But now I'm considering another shift and I don't know if it's a smart idea at all. I've been focusing so much on short stories and it made me wonder if perhaps I should try to finish my science fiction novel (The Lies of Venicia/The White). I've been letting the novel writing slide under some sort of preconceived notion that I need to break into the short market to make novel writing more of a reality. I'm fully aware that you don't have to do what is considered the "traditional" route to be successful, but there's something about being a short story writer and then a novelist that seems right. But then there's that part of it that feels like perhaps I'm putting too much time into one side and not enough time developing the other. I've only written one complete novel (The World in the Satin Bag) and part of the sequel (The Spellweaver of Dern), and about a third of the science fiction novel. I have loads of other novel ideas I've set aside because they began as shorts and became longer works, and ultimately I am not ready to have five or six novels going all at once.
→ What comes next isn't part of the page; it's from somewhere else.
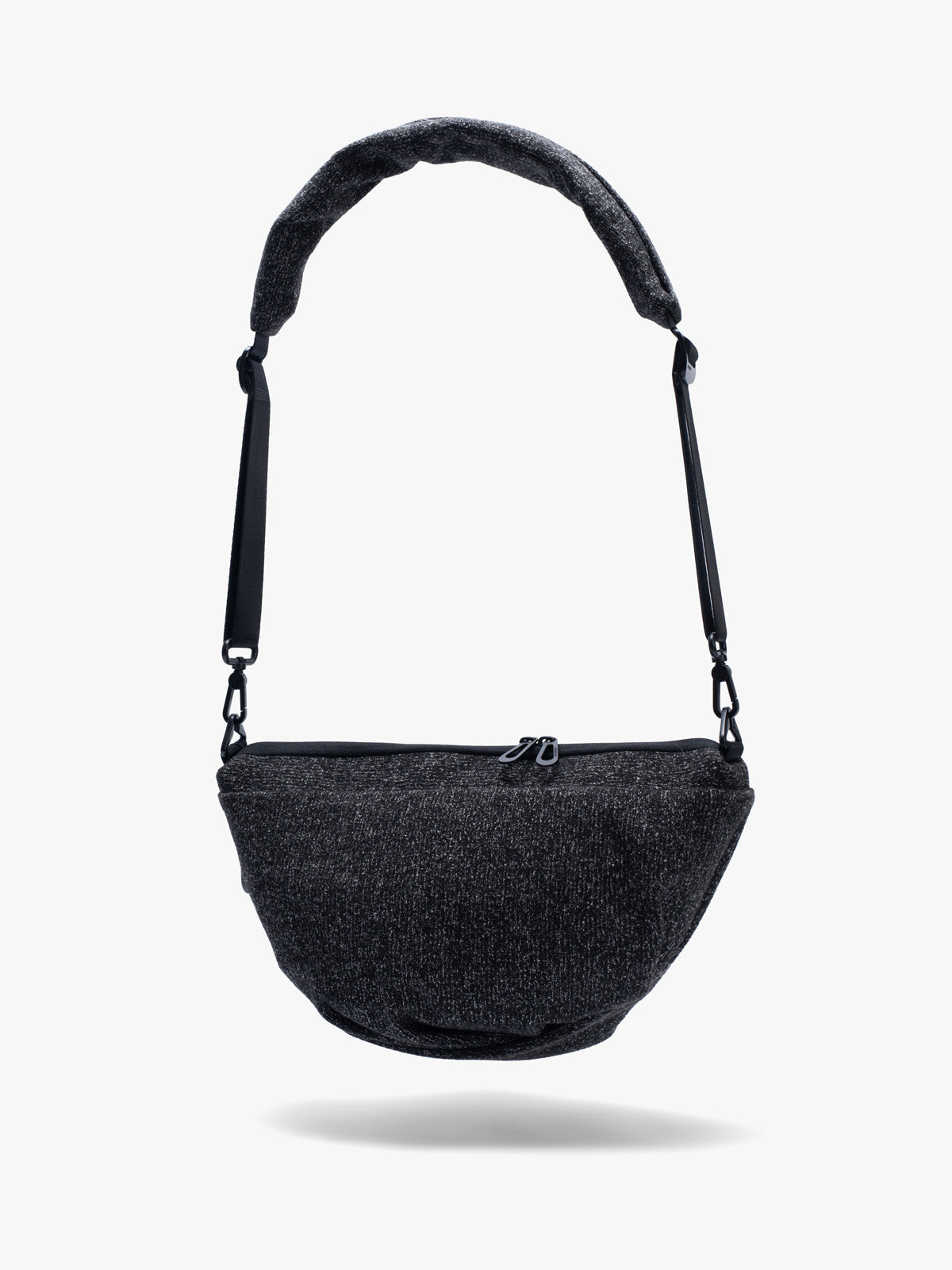 Orne Tweed Anthracite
That's too much.
So, I'm curious if perhaps I'm burning myself out on the short market and should really try to push the longer stories forward. Novels are...difficult, to say the least. They aren't like short stories, not by a long shot. True, there are similarities, but there is infinitely more information in a novel than in a short story, because infodumping in a short story would be pretty much the kill point. But in a novel you can expand upon ideas and fully develop characters, giving them histories, futures, everything. I love both forms because of their differences.
Thinking about all this has really put my writing into question, especially considering what I want to do with my life. I've recently begun searching for freelance work--anything really, so long as it is something I feel comfortable doing--as a means to hopefully jump start my career and get appropriate references (anyone with a job for me, feel free to send an email). With that in mind, I considered the fact that novels take a long time to get published, if they are publishable. Unlike short stories, which can go to a magazine and get accepted or rejected in a couple days, weeks, or months, novels can take many months, sometimes years with one editor. The longest I ever waited for a short story to be rejected/accepted was four months, and that's unusually long. But some novel writers have waited upwards of a year, sometimes two. Do I really want to wait five or six years before I start hitting the novel market (assuming I have something worth writing about, or something that an editor might like enough to want to publish, and I hope I do)? True, it could take me years to get published in any format (even if I am good), but I also have to consider where I want to be in the next two years.
I want to finish my BA and go on to graduate school for my MA and then PhD. I do want to teach, though that is more as a "job to do while I'm trying to jump start a writing career" thing (think of it this way: teaching is the job I'd like to do if I can't be a full time writer). That's a pretty good plan, in my opinion.
So, here I am, wondering what to do, how to go about my writing, etc. What do you think? Am I putting to much effort into short stories? Or should I keep plugging away?